Um dos telefonemas que fiz provocou-me ataques de riso. Havia na classe um menino quieto, sisudo, daqueles que nunca fazia graça com ninguém. Um dia, voltando da aula de educação física, entrei na sala avoada. É bom que se diga que eu vivia no mundo das nuvens naquele tempo. Dizem que hoje ainda vivo, mas as nuvens agora não são mais tão macias, nem tão cor-de-rosa.

Mas voltando ao assunto, vinha eu tão distraída que entrei na sala ao invés de entrar no banheiro. Sentei-me no meu lugar e comecei a tirar a camiseta de malha branca usada na educação física. Tinha eu então 11 anos, seios que, começando a despontar, ainda dispensavam o uso de soutien. Somente ao sentir a dificuldade em tirar a cabeça da gola apertada é que me dei conta de onde eu estava. Vesti-me rapidamente olhando para os lados para ver quem havia me flagrado. A única pessoa que me viu foi aquele menino, o sisudo e sem graça. Ele me olhou com um ar de safadeza e, apontando o dedo, falou: - Eu vi-i, eu vi-i!

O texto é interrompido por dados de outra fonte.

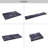 Black Washable Rug 5X8 Area Rug (Black+Gray, 5' X 8')-1312902896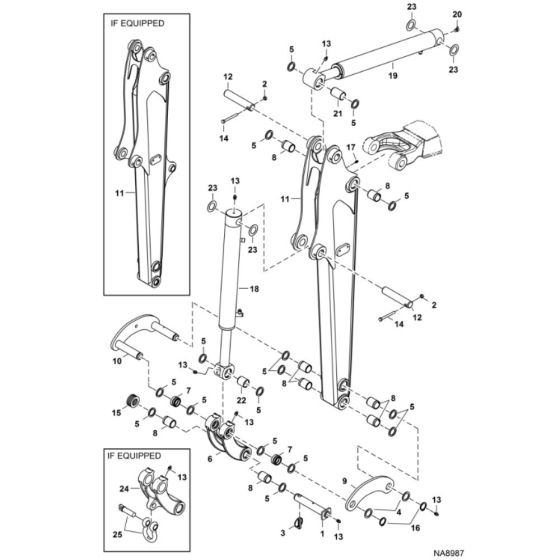 Arm Assembly for BobCat E20Z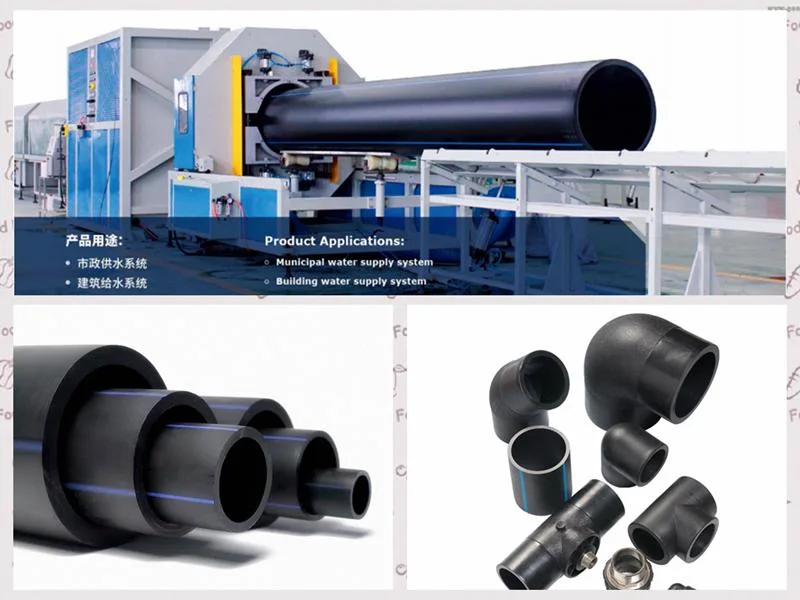 20 Years Factory Price DN20mm-DN1200mm Pn8 Pn10 Pn16 HDPE Pipe PE Pipe for Water Supply/Irrigation/Drainage/Gas/Dredging with ISO CE Certificate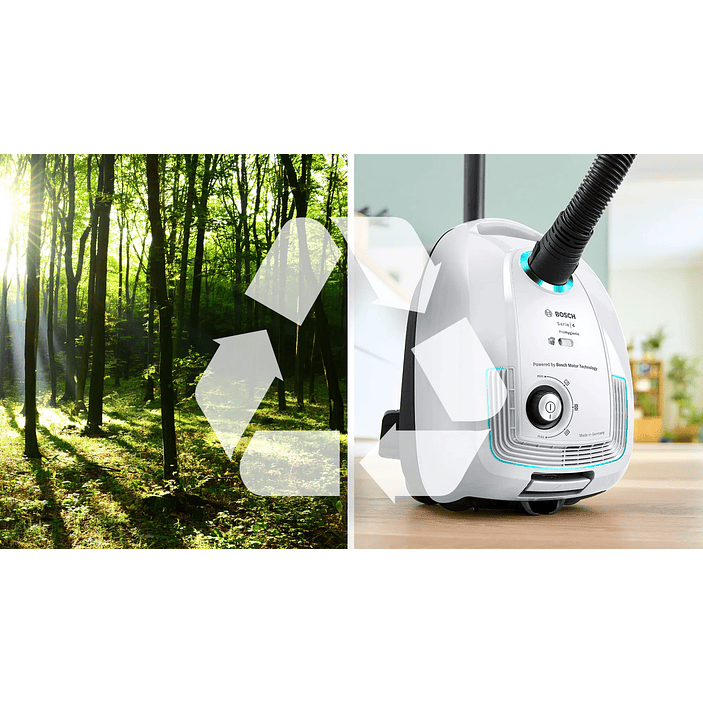 Serie 4 Aspirador con bolsa Blanco BOSCH 13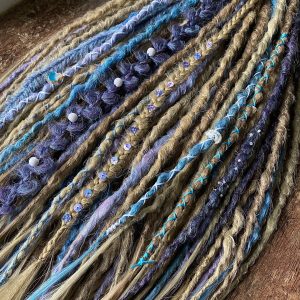 READY to ship! Synthetic Dreads Colorful Full Set DE Dreadlocks Extensions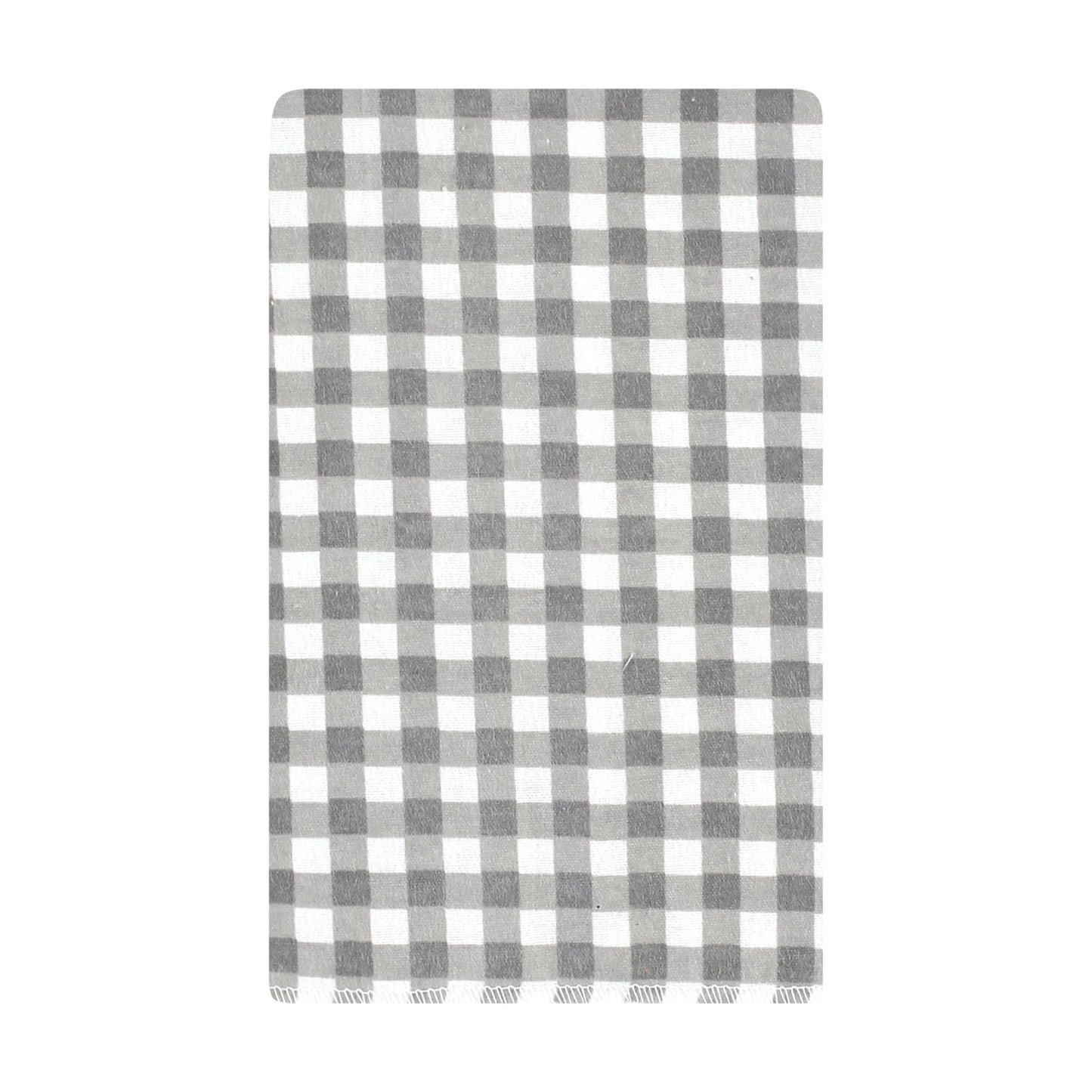 Hudson Baby Unisex Baby Cotton Flannel Burp Cloths, Farm Friends Cream 10-Pack, One Size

Tive sorte desta vez, ele não faria nada mais que isso e nem mesmo acossado pelos outros meninos contou o que havia visto. O que para ele era um trunfo, para mim era a salvação.

Outro dia li meu horóscopo. Dizia que pessoas do meu passado estavam reaparecendo e que eu me perguntaria porque deveria sofrer tudo novamente. A primeira parte está certa (ou será que eu a fiz acontecer?), mas a segunda... Não. Refazer esse caminho do passado usando as pernas que tenho hoje, é como lavar a alma em água cálida. Vão-se as lembranças voláteis e clareiam-se as lembranças perenes. Fica disto tudo o pouco que aquece e que faz bem.